Systemic Deliberate Indifference and Undercounting Prison Rape

TEXAS, WHERE THEY MESS WITH YOU

Though it’s sixteen years after Farmer v. Brennan, when the Supreme Court (essentially) decided that allowing the rape of prisoners should be considered an advanced (and culpable) form of negligence, change has been slow to come. For one thing, no one really knows how many people are raped in the adult and juvenile systems each year. The Bureau of Justice Statistics is revising their surveys now; two of their recent surveys indicate that there are 165,400 acts of sexual abuse in their reporting period. (They use “snapshots” of a single day and then extrapolate.) But an evaluation of the methods used suggests that they may be drastically undercounting.

For one thing?

“Inmates who said they had been sexually abused were asked how many times. Their options were 1, 2, 3–10, and 11 times or more; that answers of ‘3–10’ were assigned a value of 5, and ’11 or more’ a value of 12. We know of no reason to think that answers of ‘3–10’ should be skewed so far toward the low end of the range, however-and inmates are sometimes raped many more than twelve times.”

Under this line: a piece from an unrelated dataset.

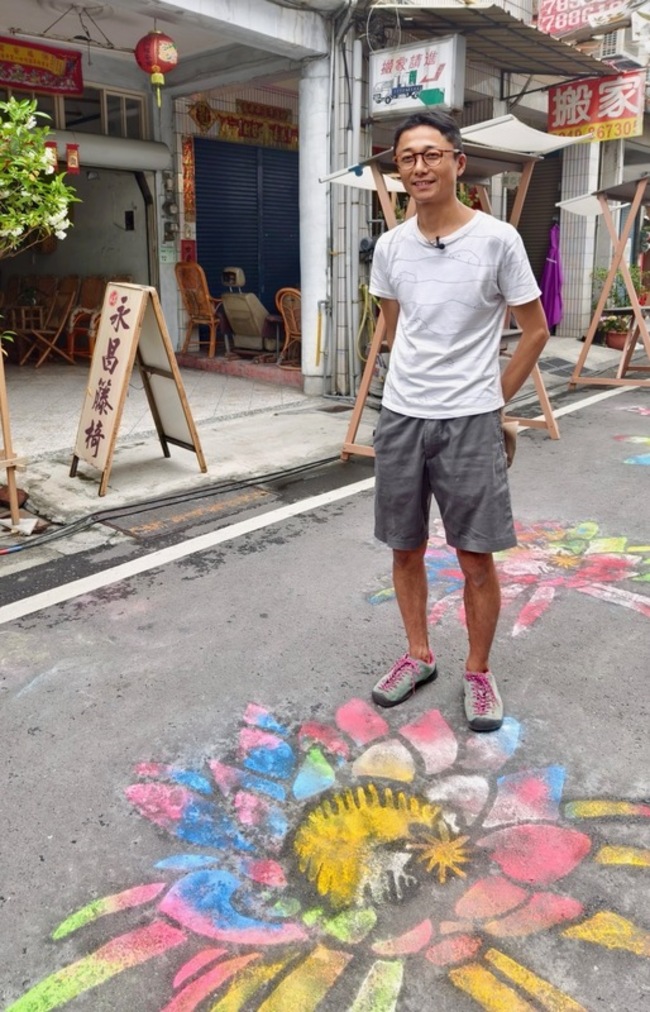 日本聽障藝術家水內貴英 以粉筆彩繪屏東潮州老街 | 華視新聞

And also challenging these numbers is the sheer volume of people who move in and out of jails; “The number of annual jail admissions is approximately seventeen times higher than the jail population on any given day.” How do you find the real numbers? Not sure, yet: “What is the right multiple-are five, six, seven times 24,700 people molested and raped in jail every year? We don’t know yet, but we hope to soon.”